Another week is gone. We have started taking notice of the passage of time by writing some options. As said before, there are several ways to
incorporate the use of options along with algorithmic trading.
Some of these possible ways are the following:
- "
Anticipation of players" at a given price level (in his case we would short options with strike equal to the desired price). This can make sense for instruments that can be considered near the extreme of range. In case of instruments with drift, we would preferably use only PUTs (in case of positive drift) and preferably at low prices.
- "
Covered PUTs or CALLs", depending on the position taken by the algorithmic engine. With drifting instrument we would preferably use only option possibly resulting (on assignment) in a position along the drift.
- "
Protective options". In this case we would preferably create an option "collar", by selling ATM option and buying OTM farther options, in such a way to completely cover the decay of the long options.
Clearly, more ideas are possible and with practice one can become pretty good at creating useful configurations.
Our situation in the meantime is pretty fine. The only note still out of tune is
SCO, but sooner or later those sell players will close too.
CL has closed practically all buy players, which means that even if it goes down again to very low price, it won't be able to create any fatal damage to our account.
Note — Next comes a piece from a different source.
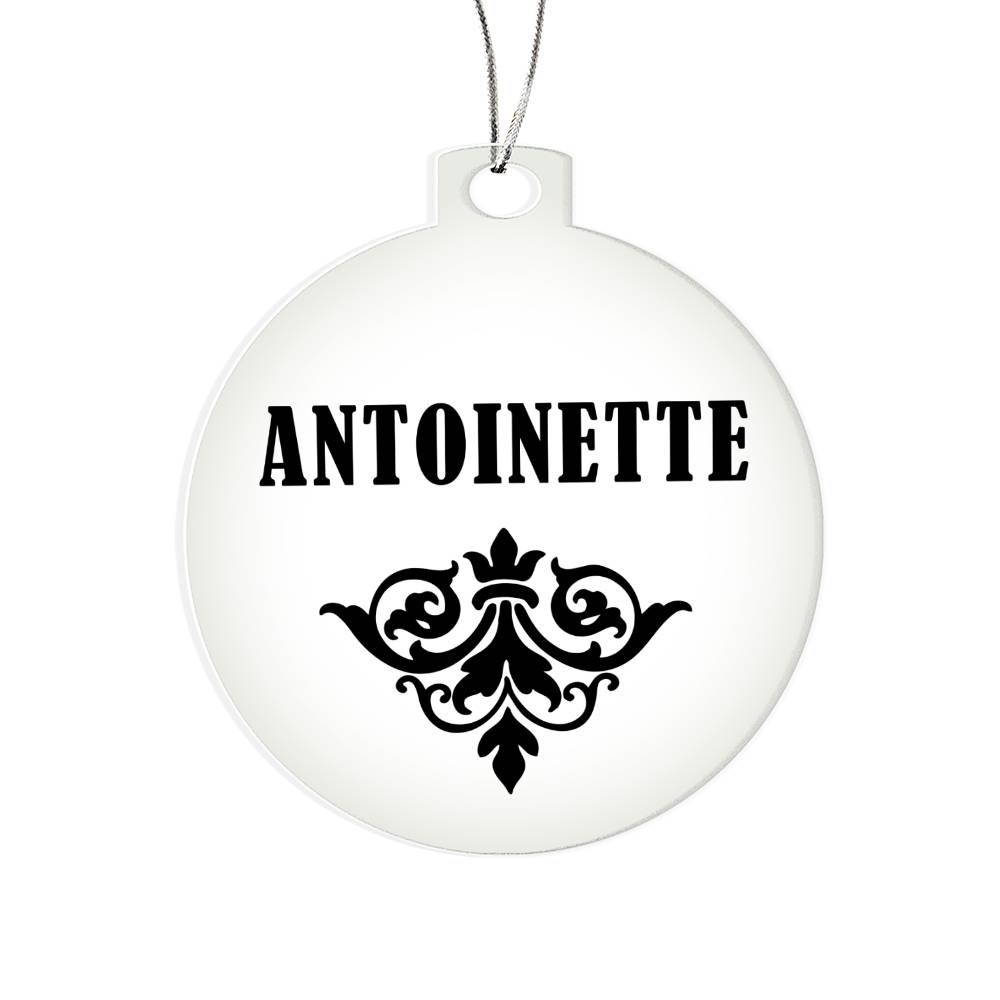 Antoinette v01 - Acrylic Ornament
NG is still going down and currently it represents (apart the anomaly of SCO) the maximum load we have currently open.
We have been steadily increasing our
G-L (gain - loss, currently around
480K) with a
rate of about 7%, which is not bad considering that the simultaneous drop of crude oil and market indexes, aggravated by the SCO position has forced us to dampen drastically its rate of grow.
Apart the disfunction with SCO, which, as we have noted, has caused an excessive peak, in abstract terms the PNL curve is pretty
typical:
We have in essence a
drift which underlies the
PNL curve and a number of fluctuations caused by the
natural volatility of the mkt. Clearly, the extensions of these fluctuations also depend on the max position that we allow on our layers. In time, the
statistical drift will pull the PNL curve higher and higher, so that, after a while, the PNL fluctuations should not be able to drag the PNL curve "underwater" anymore.
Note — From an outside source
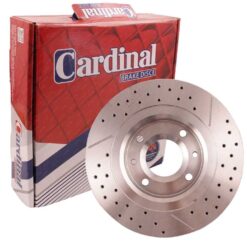 دیسک جلو پژو 405 شیار و سوراخ دار کاردینال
It may also be interesting to note what are the
components which essentially create the drift:
- Continued scalping action
- Hedging orders (stops) recover mechanism ("player superposition")
- Contango and backwardation recovery mechanism
- Decay of the leveraged ETFs
- Time decay of possible options
The PNL "drift" is represented by the
slope of the G-L curve (dotted green in our picture), which can also be interpreted as our current maximum potential profit:
PNL = (G-L) + Unrealized
The "unrealized" is obviously the one causing the fluctuations in the PNL curve.
This dynamic is pretty typical in
real trading. There are contexts where you are also presented with PNL curves going "straight up", but these are normally outputs of
curve-fitted backtests, where obviously the computer has adapted the entries to
given known tickdata to create that specific shape.